## DATA PROVIDED

§

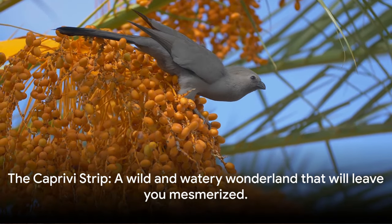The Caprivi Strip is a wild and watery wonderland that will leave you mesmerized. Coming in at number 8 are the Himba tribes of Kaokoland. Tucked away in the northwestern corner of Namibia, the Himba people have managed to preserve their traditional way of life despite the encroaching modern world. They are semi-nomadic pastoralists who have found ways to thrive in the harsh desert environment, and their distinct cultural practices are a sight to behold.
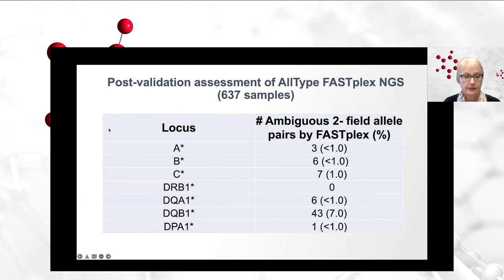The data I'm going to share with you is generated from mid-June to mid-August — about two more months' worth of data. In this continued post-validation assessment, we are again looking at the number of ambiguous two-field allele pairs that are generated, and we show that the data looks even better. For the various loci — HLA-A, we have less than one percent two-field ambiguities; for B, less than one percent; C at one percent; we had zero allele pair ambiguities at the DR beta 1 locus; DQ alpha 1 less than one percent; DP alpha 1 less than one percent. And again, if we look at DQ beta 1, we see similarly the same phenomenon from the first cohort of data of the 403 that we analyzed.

§

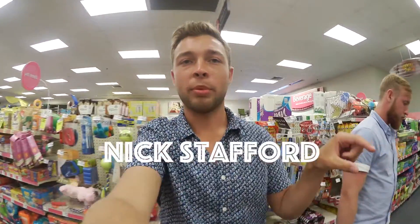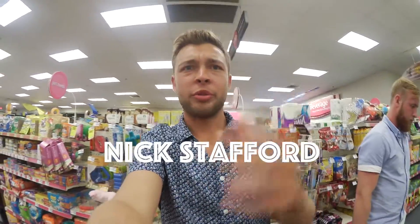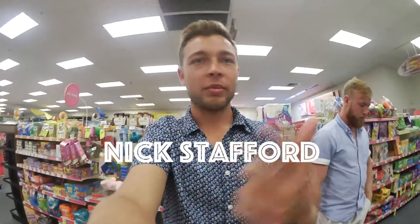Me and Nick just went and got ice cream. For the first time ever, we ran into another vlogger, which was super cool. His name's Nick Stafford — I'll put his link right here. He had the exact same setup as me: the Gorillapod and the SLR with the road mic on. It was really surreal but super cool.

§

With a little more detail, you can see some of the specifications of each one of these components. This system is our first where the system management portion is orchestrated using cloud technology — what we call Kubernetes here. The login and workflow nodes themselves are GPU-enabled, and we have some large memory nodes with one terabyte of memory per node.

§

## WHAT TO DO
Transcribe, from the material above, the stretch starting at the line with "The Caprivi Strip" and ending at the line with "The data I'm", both included, exactly. Do not carry over pictures.

## ANSWER SECTION
The Caprivi Strip is a wild and watery wonderland that will leave you mesmerized. Coming in at number 8 are the Himba tribes of Kaokoland. Tucked away in the northwestern corner of Namibia, the Himba people have managed to preserve their traditional way of life despite the encroaching modern world. They are semi-nomadic pastoralists who have found ways to thrive in the harsh desert environment, and their distinct cultural practices are a sight to behold.
The data I'm going to share with you is generated from mid-June to mid-August — about two more months' worth of data. In this continued post-validation assessment, we are again looking at the number of ambiguous two-field allele pairs that are generated, and we show that the data looks even better. For the various loci — HLA-A, we have less than one percent two-field ambiguities; for B, less than one percent; C at one percent; we had zero allele pair ambiguities at the DR beta 1 locus; DQ alpha 1 less than one percent; DP alpha 1 less than one percent. And again, if we look at DQ beta 1, we see similarly the same phenomenon from the first cohort of data of the 403 that we analyzed.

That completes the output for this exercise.